I was hoping to get to endings in this post, but it’s already over 900 words, so I’ll save that for next week.

2 Comments
  1. “One of the big problems that many writers face is that they have a need to know both what all the obstacles will be and how the character is going to overcome them before they actually decide on their central story question.”

    This. Or I want to work out how the character will overcome the obstacles before I decide on what those obstacles are.

    And then there’s the small issue of making it plausible for the character to overcome the obstacles in the end, while still keeping it plausible that the character spends most of the story failing to do so.

    I have a hankering to work backwards: Start with the character doing something clever and/or bodacious, along with whatever it is that enables the character to do so. From that, work out what the clever, bodacious action is good for – that’s the story-goal. And the obstacles are built around the enabler not having kicked in, yet.

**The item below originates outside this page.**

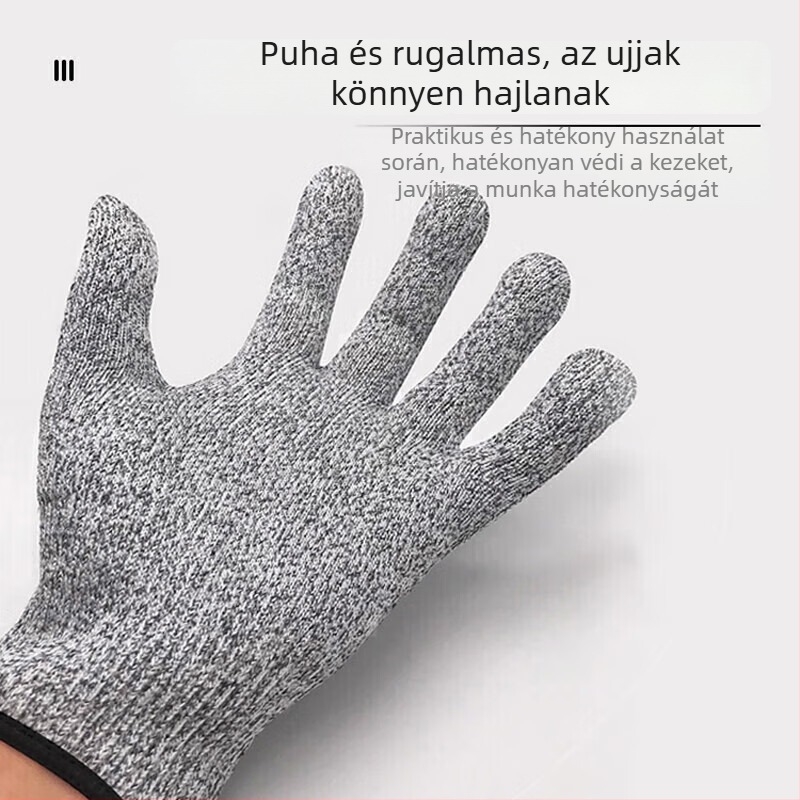 NITEX N1305 vágásálló kesztyűk, 5-ös szint, HPPE anyag, élelmiszeripari feldolgozás, kertészkedés és autójavítás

    I plotted my last novel that way, more or less. The bodacious action was to board and storm the bad guy’s sailing ship in the best swashbuckling tradition. The thing that enabled this was the rescue of one of the bad guy’s mistreated Ladies, which spilled the beans as to when, where, and why the bad guys would be on board their ship. What the boarding action was good for was stopping an at-sea human sacrifice & magic ritual that would “uninvent” a beneficial invention of the good guys. And preventing that from happening was the story-goal, with the obstacle being that the character didn’t know just what the bad guys were up to.

    I’d like to do that sort of thing on a more regular basis. It’s not exactly “know both what all the obstacles will be and how the character is going to overcome them before they actually decide on their central story question” but it is something close to that.

  2. Euraka! My MC is stuck saying goodbye to his best friend because… he needs to tell said friend his “the thing he wants”. That is not what he actually gets/does/invents later on in the story… but he doesn’t know key information yet. I need to figure out what he wants NOW – before he gets the new info.